Ce qui est intéressant en confrontant les deux articles, c'est que l'on peut en tirer une conclusion incroyable. En effet, selon son acte de sépulture transcrit, Jean Causeur aurait été veuf de Louise Aléouet. Or, un acte daté du 19 octobre 1692 mentionnerait le mariage d'un certain Jean Causeur, veuf de Marie Le Hir, "âgé d'environ trante ans", avec une certaine Louise Halscouet. S'il s'agit bien de la même épouse, alors Jean Causeur aurait eu environ 112 ans à sa mort.
Malheureusement, on se heurte à trois problèmes :
- L'acte de mariage avec Louise Halscouet a été localisé en 1772. Or, rien n'indique qu'il s'agisse bien du sien. Le nom de cette épouse a potentiellement pu être reporté erronément deux ans plus tard sur l'acte de sépulture de Causeur, en se référant à cet acte de mariage, alors qu'il s'agissait du mariage d'un autre.
- On apprend dans le 2ème article que l'âge indiqué dans l'acte de mariage était peut-être déjà exagéré, bien que cette exagération ne soit probablement pas suffisante pour remettre en question son statut de (au moins) centenaire.
- Si Causeur est bien né entre 1662 et 1674, son acte de baptême n'existe plus, et il sera donc impossible de déterminer son âge exact.

Aucun de ces actes transcrits n'est actuellement en ligne. On pourra essayer, le moment venu, de confirmer l'identité de son épouse en remontant sa généalogie depuis celle de son petit-fils, Philippe Lisop, et de celle de son arrière-petit-fils Yves Le Bras, qui étaient présents à son enterrement.

Bonne lecture.
Il est donc possible qu'il soit un supercentenaire (bien sûr, pas 130), mais les documents sont perdus dans le temps?

Je me souviens d'un document sur les centenaires débutants mentionnant un document indiquant un âge de 109 ans pour lui.

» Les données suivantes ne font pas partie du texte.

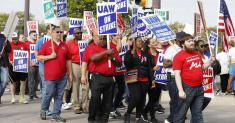 پایان اعتصاب 2 میلیارد دلاری کارگران جنرال موتورز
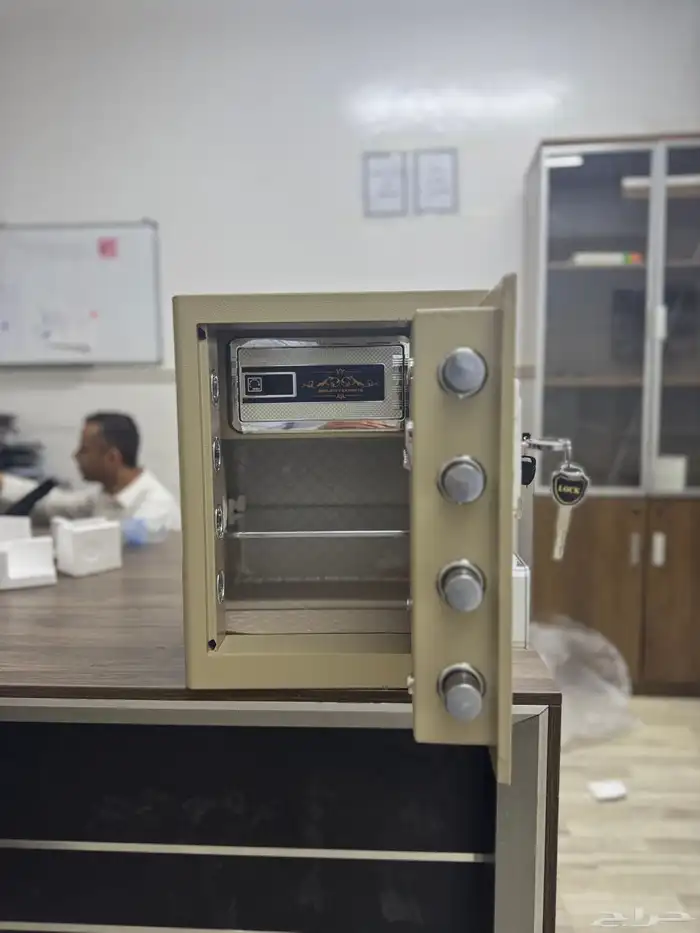 خزنات مفتايحن ورقم سري ضمان سنه 9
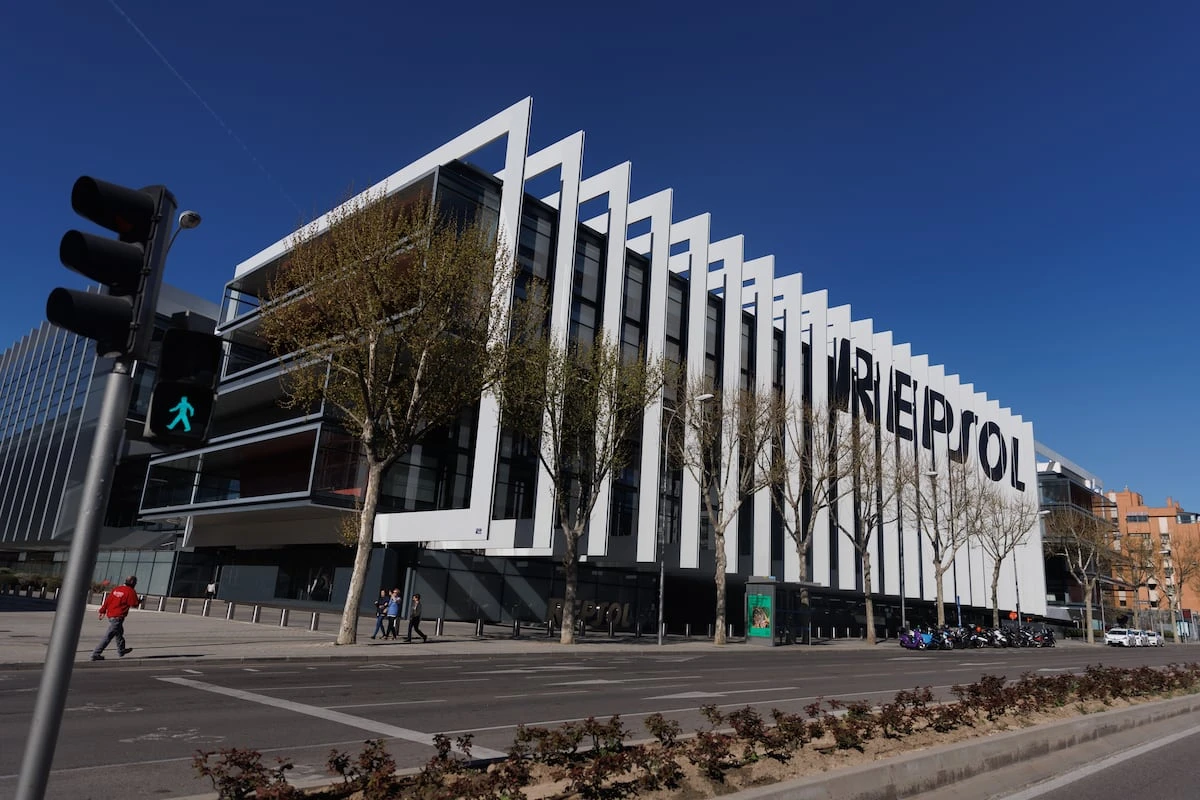 Repsol gana un 62% menos por la caída del precio del crudo y la guerra arancelaria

Je suis toujours désireux de trouver de nouveaux centenaires avant 1826 - ou peut-être ceux nés entre le 20 janvier 1736 et le 20 mars 1740! Il est amusant de tracer le «plus vieux vivant du monde» aussi loin que possible, mais Jožef Kenda présente un problème (s'il n'avait que trois jours de plus, j'aurais une ligne continue de centenaires remontant à 1823!)

Je soupçonne également que George Stocking n'était pas le premier centenaire.